- **Task goal**: Please print the line that holds "Gold Plated Crimp" and each line after it to the end of the data, word for word, without any pictures.

(Image-text web data)
------------------------------

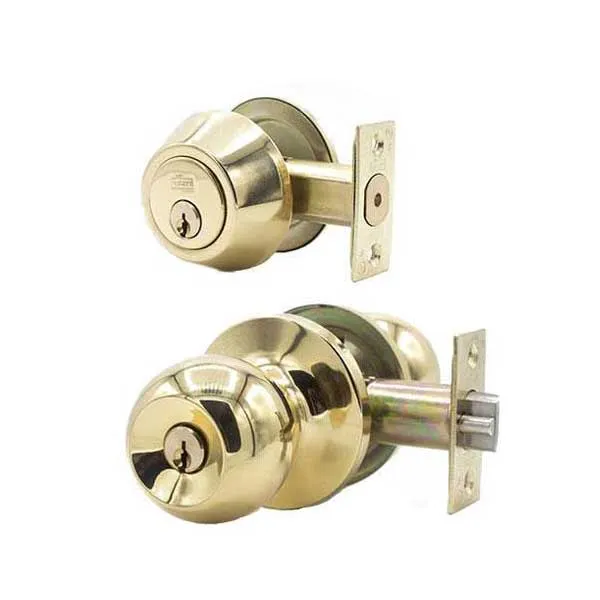 Premium Combo Lockset - Polished Brass - Entrance - Grade 3 - KW1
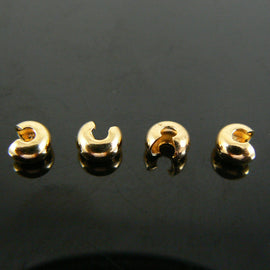 Gold Plated Crimp Covers: 4mm Jewelry Findings (36 or 144 pcs)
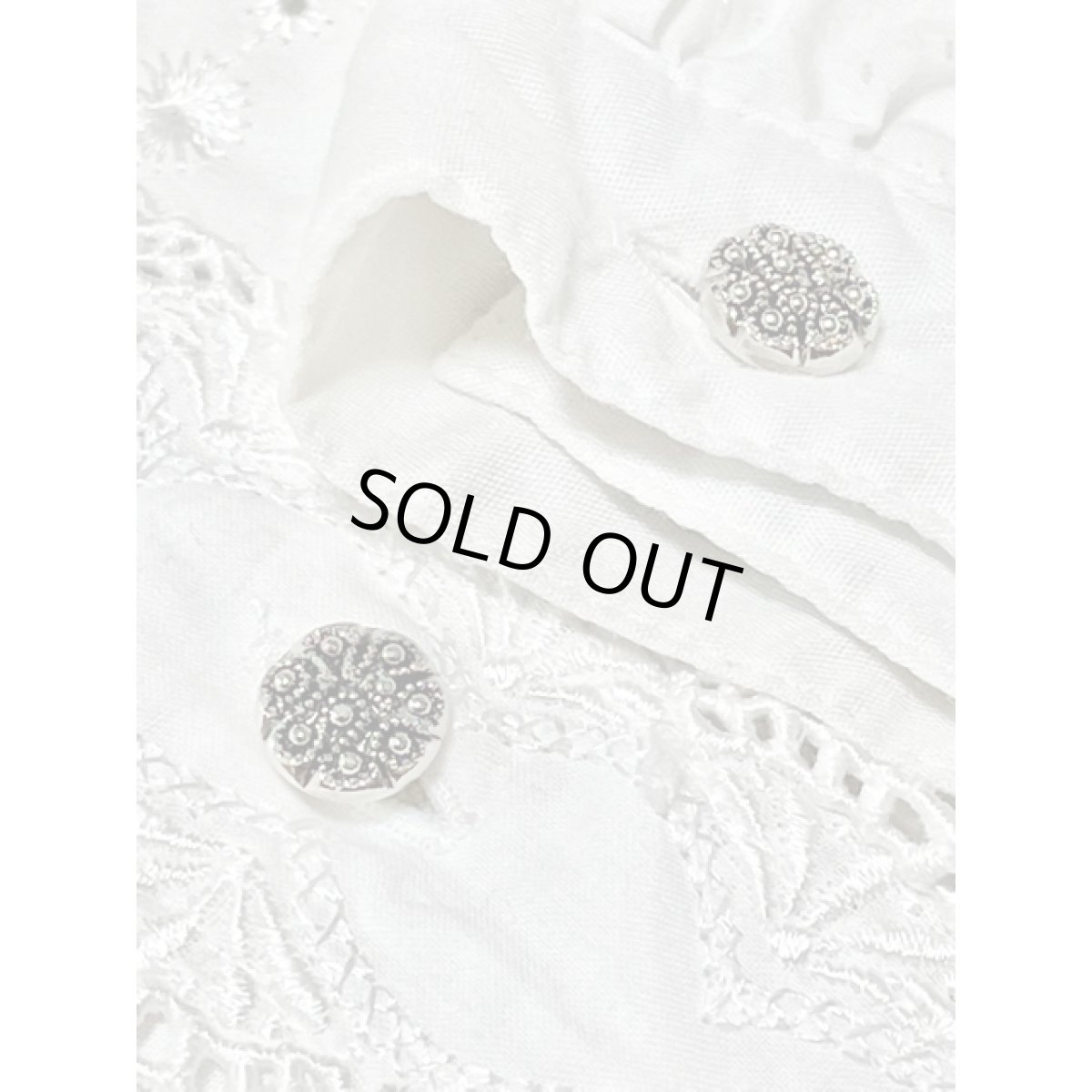 画像11: レース ホワイト 白 スタンドカラー コンチョボタン ディアンドル チロルブラウス ドイツ民族衣装 舞台 演奏会 フォークダンス オクトーバーフェスト (11)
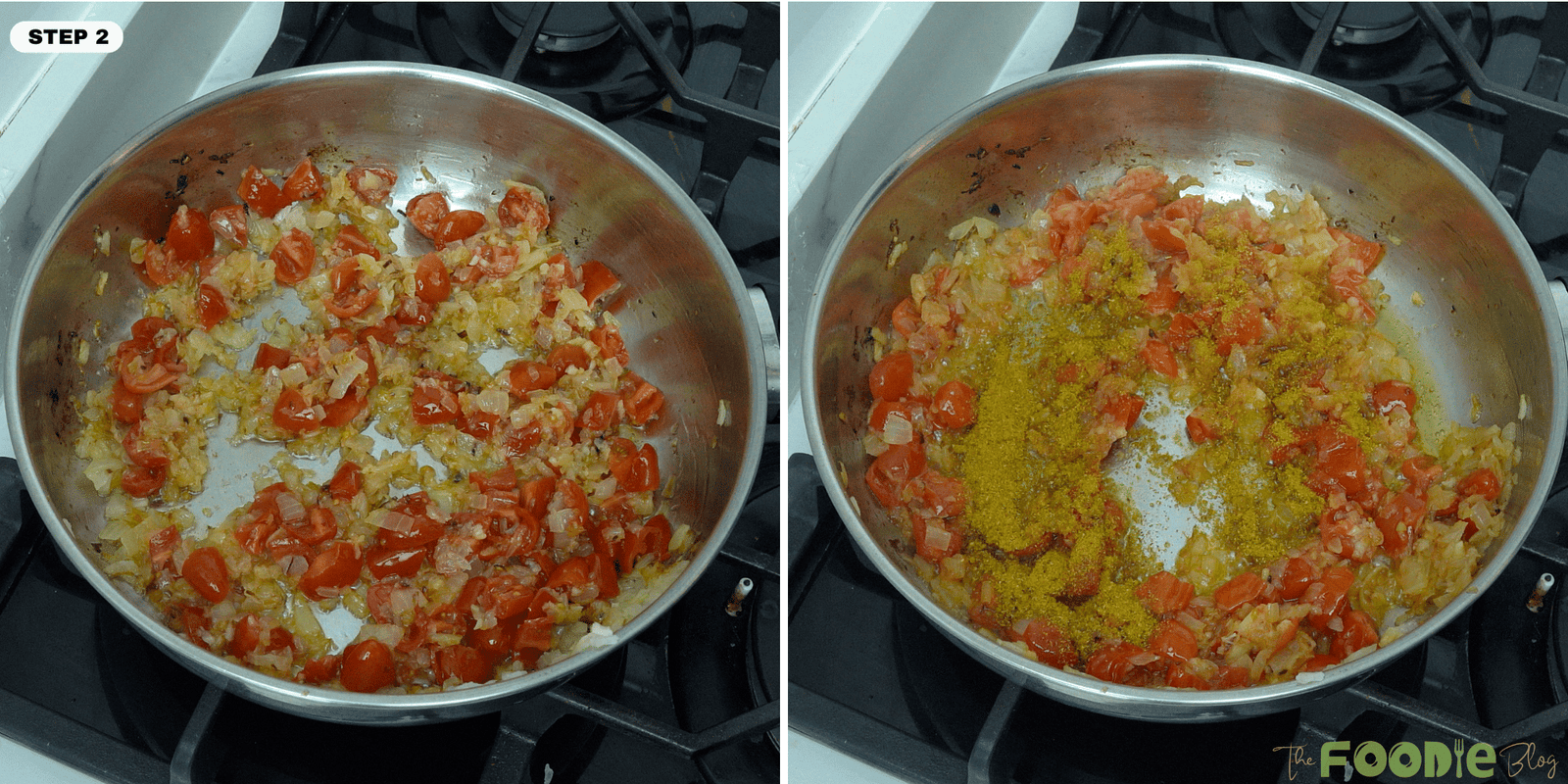 Tomatoes cooking with onions and ginger in a pan with curry powder added for quick and easy chicken curry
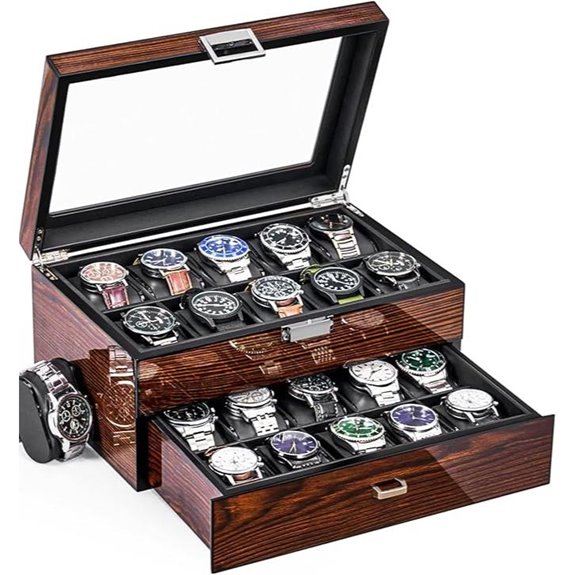 BEWISHOME 20-Slot Wooden Watch Box with Glass Lid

------------------------------

- **Answer below**:
 Gold Plated Crimp Covers: 4mm Jewelry Findings (36 or 144 pcs)
 画像11: レース ホワイト 白 スタンドカラー コンチョボタン ディアンドル チロルブラウス ドイツ民族衣装 舞台 演奏会 フォークダンス オクトーバーフェスト (11)
 Tomatoes cooking with onions and ginger in a pan with curry powder added for quick and easy chicken curry
 BEWISHOME 20-Slot Wooden Watch Box with Glass Lid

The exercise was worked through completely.